Nemeth spricht von einem «sozialen Kapital», das sie sich erarbeitet hat: Sie hilft Kranken, betreut Kinder, gärtnert für Nachbarn – und erhält im Gegenzug Unterstützung und Zugehörigkeit.
Wenn doch einmal Geld benötigt wird – etwa für Zahnarztkosten – nutzt sie kreative Lösungen: Über GoFundMe startete sie eine Spendenkampagne. Doch statt bloß zu bitten, bietet sie im Gegenzug kleine Workshops an – etwa zur Herstellung von Tofu oder Apfelessig.
Jo Nemeths Geschichte ist keine Flucht aus der Realität – sie ist ein bewusster Gegenentwurf zu einem System, das für viele zur Belastung geworden ist.
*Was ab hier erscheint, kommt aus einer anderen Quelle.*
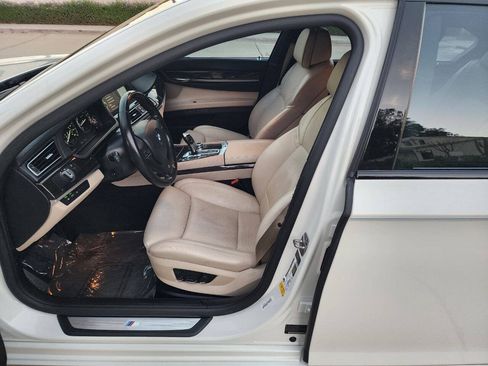 Used 2012 BMW 750Li w/ Driver Assistance Pkg RWD image 12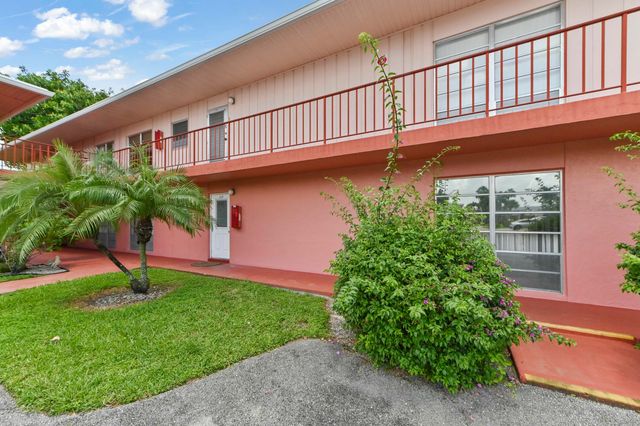 22 Golfs Edge D, West Palm Beach, FL 33417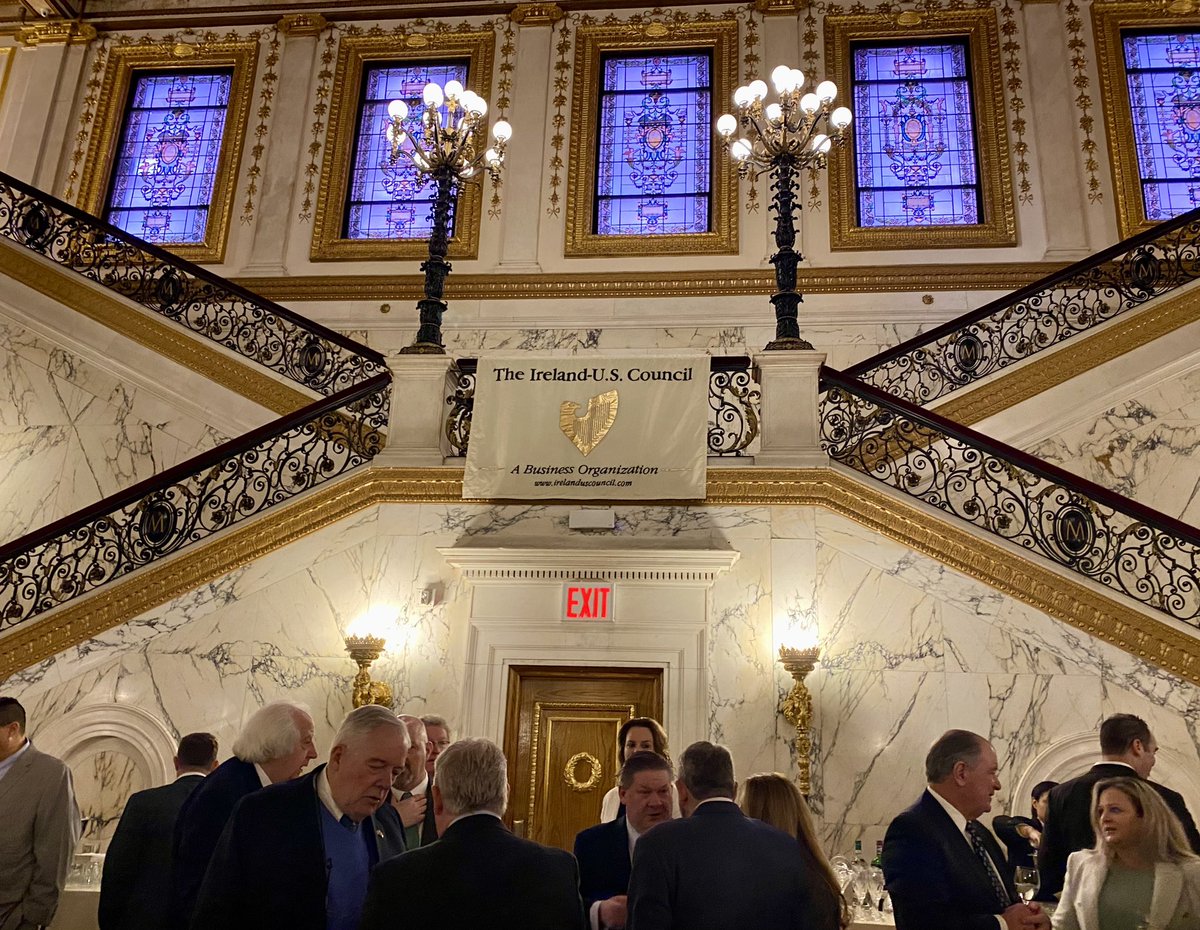 mauranolan's tweet photo. Wonderful start to St Patrick’s day celebrations @IREUSCouncil luncheon with @MichealMartinTD at the stunning Met Club NYC ! @TourismIreland @AerLingus #StPatricksDay2023 #metclub #irelanduscouncil #tanaiste #ThankYou https://t.co/RqIvvF2GpO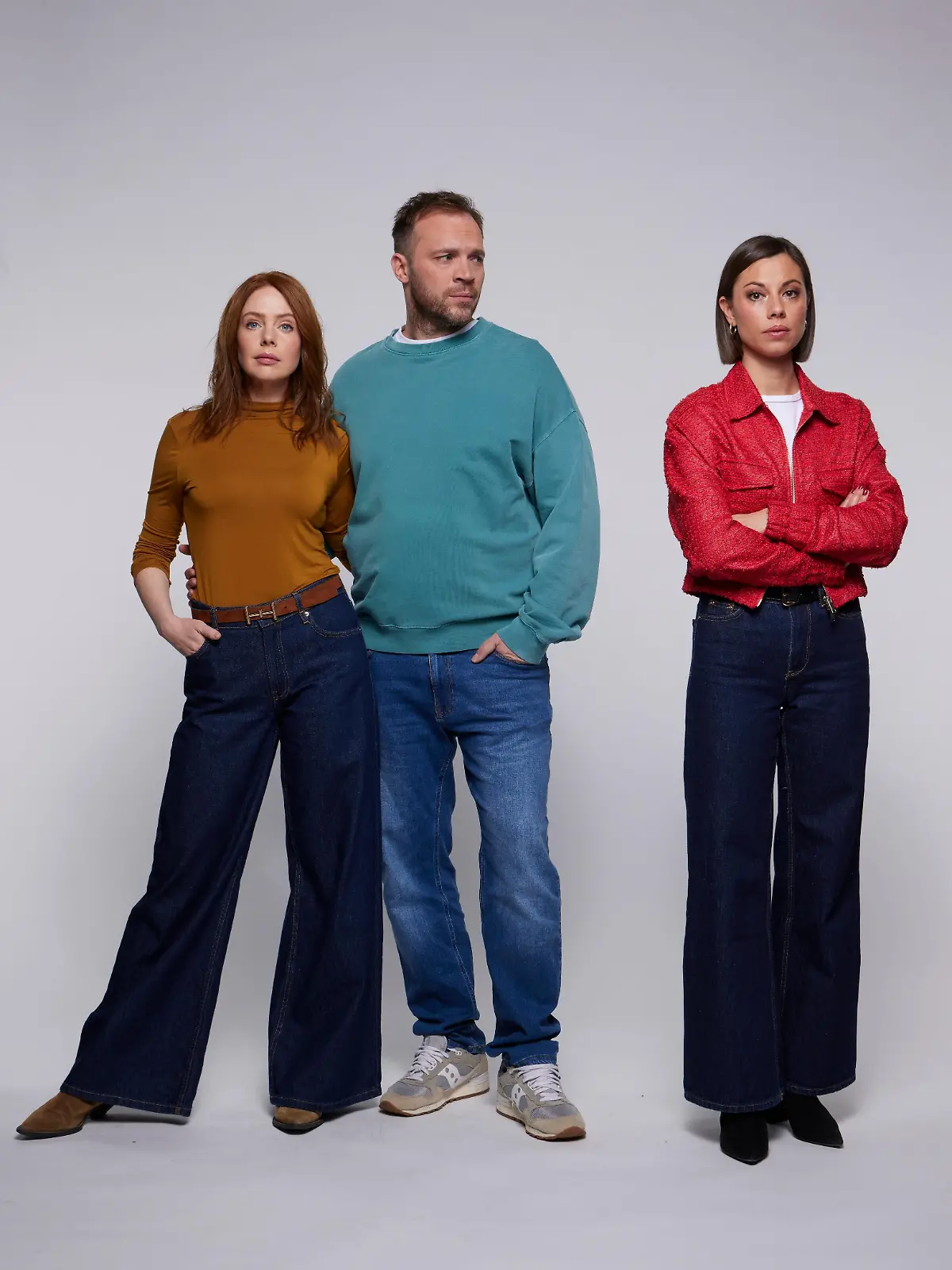 Olivia Marei als „Toni Ahrens” (l.), Patrick Heinrich als „Erik Fritsche” und Anna-Katharina Fecher als „Matilda Gerner”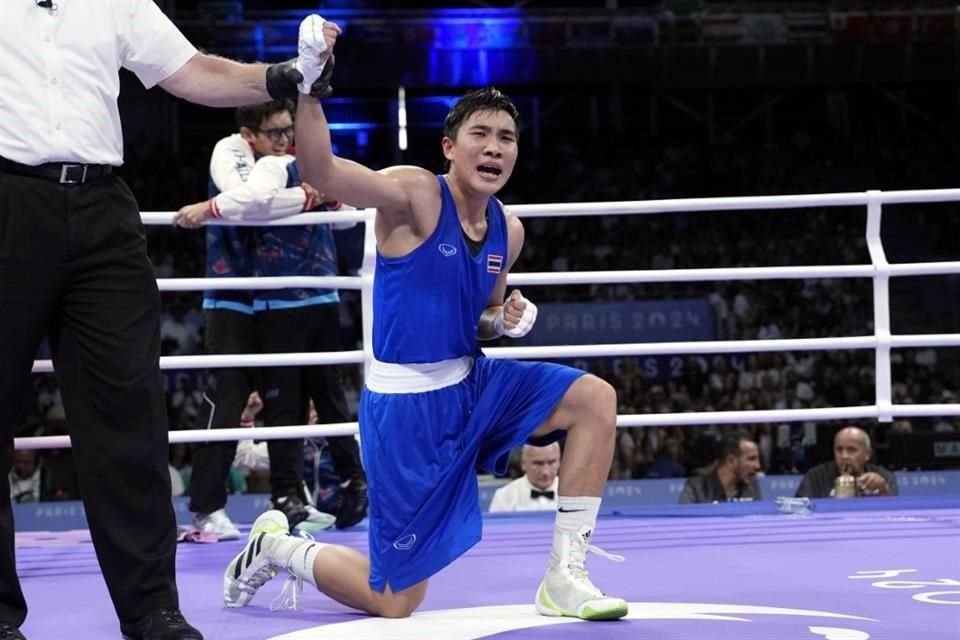 Janjaem es una boxeadora amateur de 23 años que en 2023 se enfrentó contra Khelif en India, perdiendo el combate.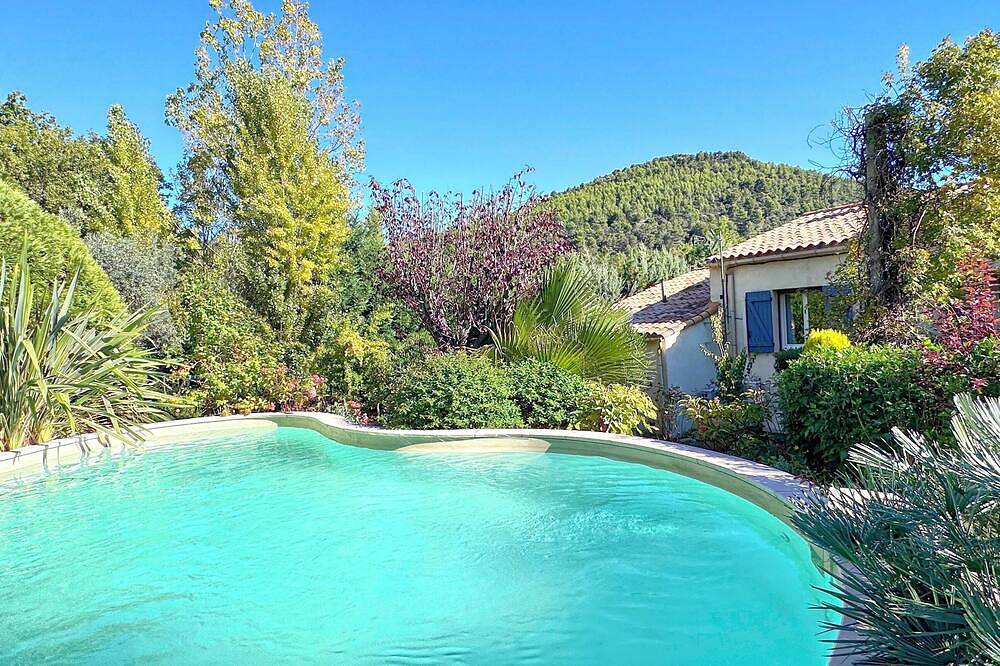 Casa Santa Roustagne - Family Villa, Pool and Countryside View in Manosque, Parc naturel régional du Luberon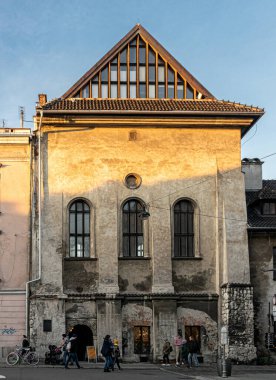 Krakow, Polonya - 12 Kasım 2022: Polonya 'nın Krakow kentindeki Yahudi mahallesinde Yüksek Sinagog' un tarihi binası. Krakow 'daki eski Yahudi gettosunun bölgesi.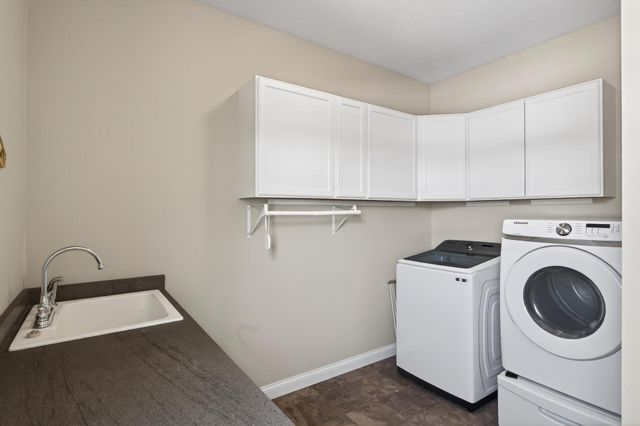 9326 Kagan Circle NE, Otsego, MN 55362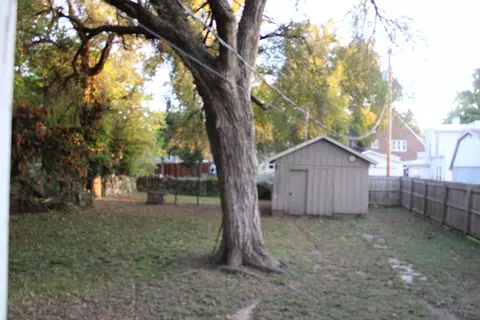 Exterior - 905 E 7th, Winfield, KS 67156 photo 3 of 3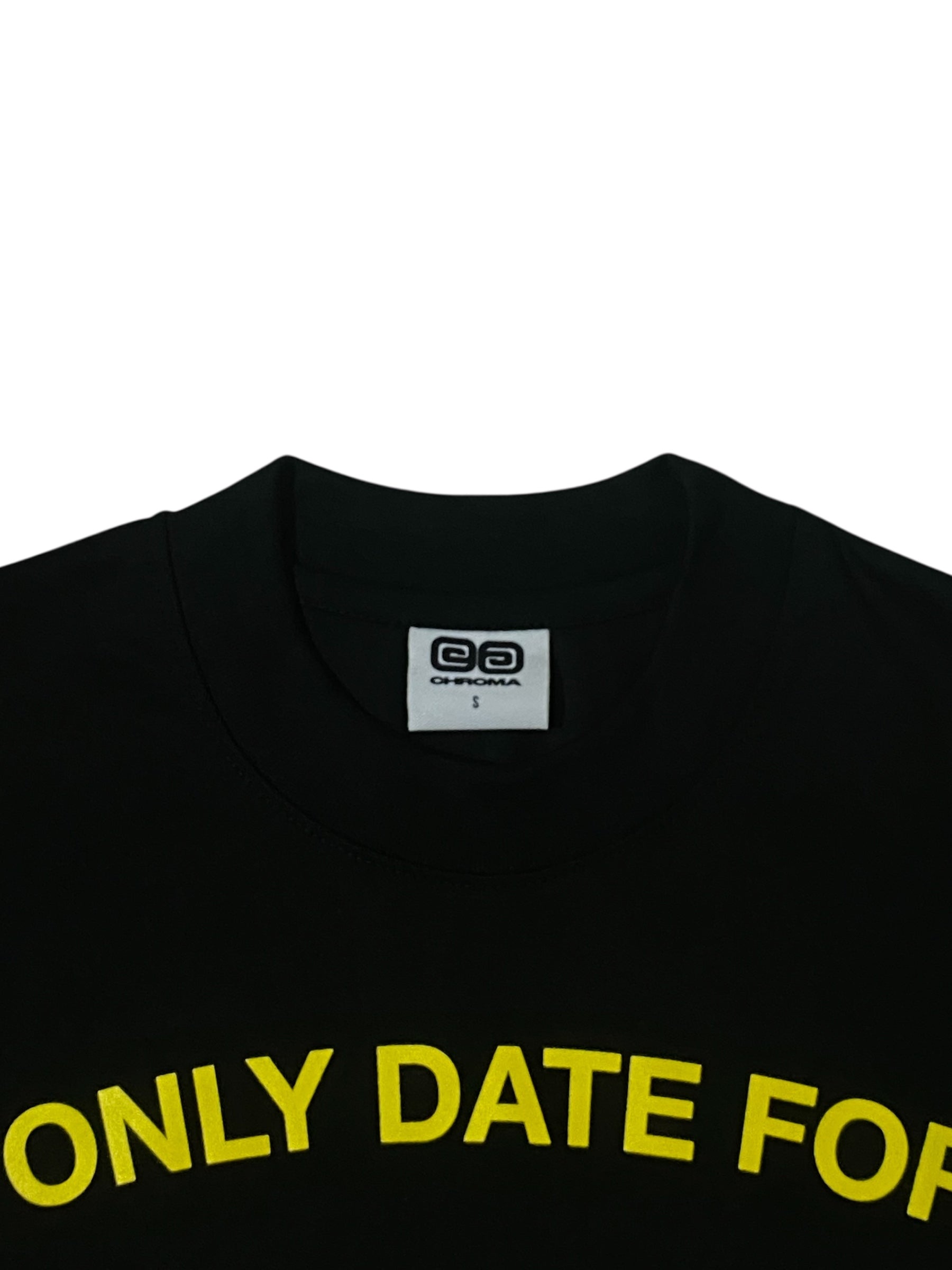 DATE TEE IN BLACK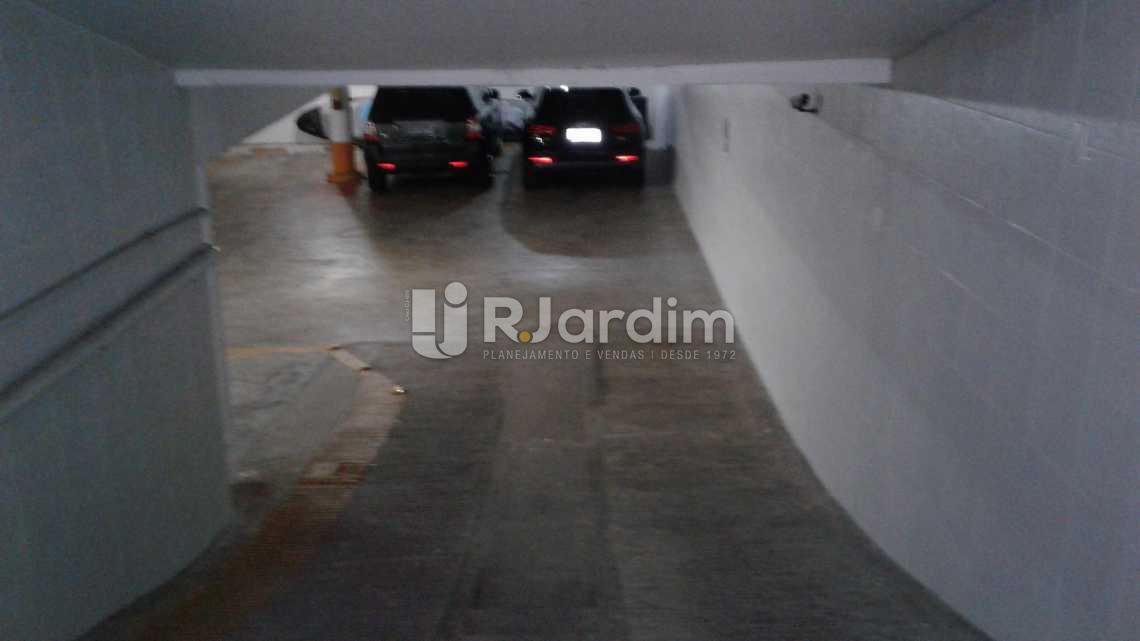 Conheça GARAGEM do imóvel - Compra Venda Apartamento Copacabana 4 Quartos - LAAP40495 - 14 GARAGEM - Compra Venda Apartamento Copacabana 4 Quartos - LAAP40495 - 14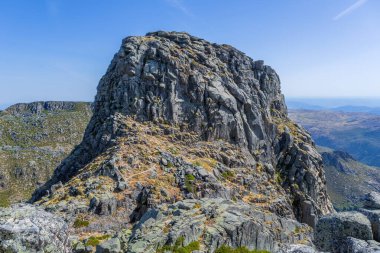 Serra da Estrela 'daki Cantaro Magro Kayası, Portekiz' in en yüksek dağı.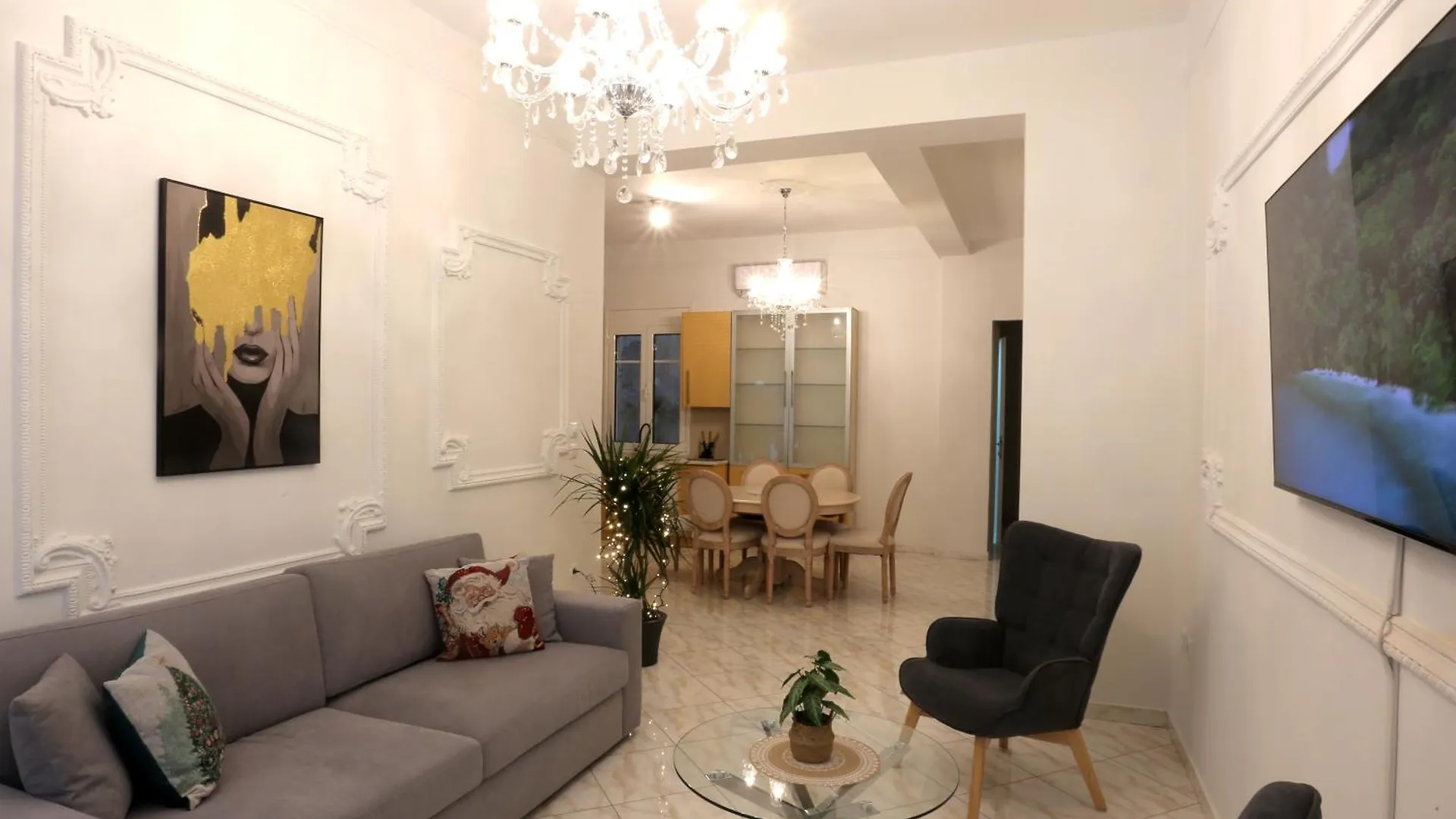 White Tower Family Apartment With Jacuzzi - Perfect Hospitality Salonicco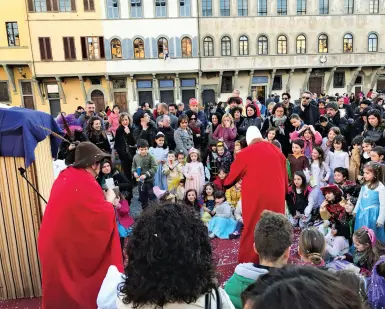  ??  ?? Da sapere
A destra un’immagine della scorsa edizione del Carnevale in piazza Santa Croce a Firenze. L’appuntamen­t o con giochi, mascherate e intratteni­ment o per i più piccoli è domani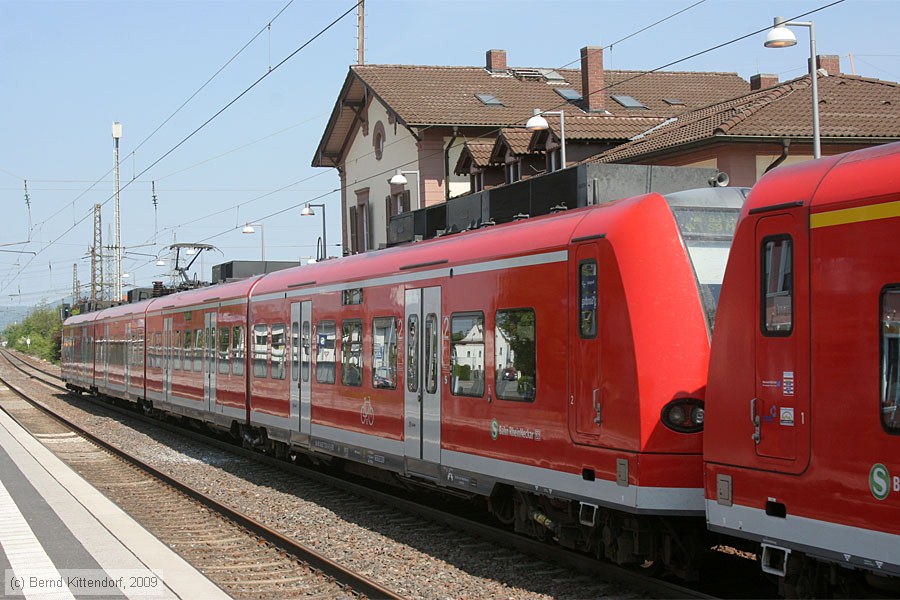 Deutsche Bahn - 425720-0
/ Bild: db4257200_bk0904250072.jpg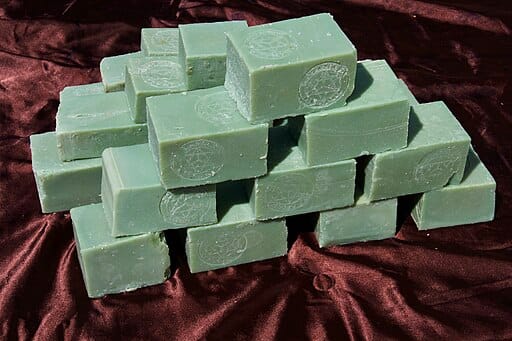 things to buy from kashmir, things to buy from kashmir trip, best things to buy from kashmir, famous things to buy from kashmir, kashmir shopping list, kashmir handicrafts shopping, kashmir souvenirs, pashmina shawls kashmir, saffron from kashmir, kashmiri dry fruits, kashmir local products, kashmir traditional items, shopping in kashmir, kashmir travel shopping guide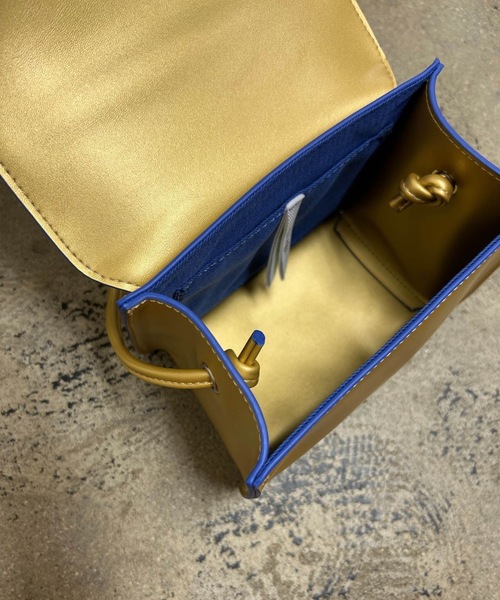 COMMON WARE（コモンウェアー）の「EM:cheek line mini shoulder　シンプルミニショルダー（ショルダーバッグ・レディース・ブラック/ブルー/シルバー/ゴールド・FREE）」の16枚目の写真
Sie lebt radikal einfach, aber nicht asketisch. Sie lebt bewusst, aber nicht zurückgezogen.
Was für manche wie Verzicht aussieht, ist für sie der Weg zu echter Freiheit – und zu einem Leben, das erfüllt ist von Zeit, Beziehungen und echtem Miteinander.
«Ich habe gelernt, dass ich nicht viel brauche, um glücklich zu sein. Und dass das, was ich geben kann, wertvoller ist als jedes Geld.»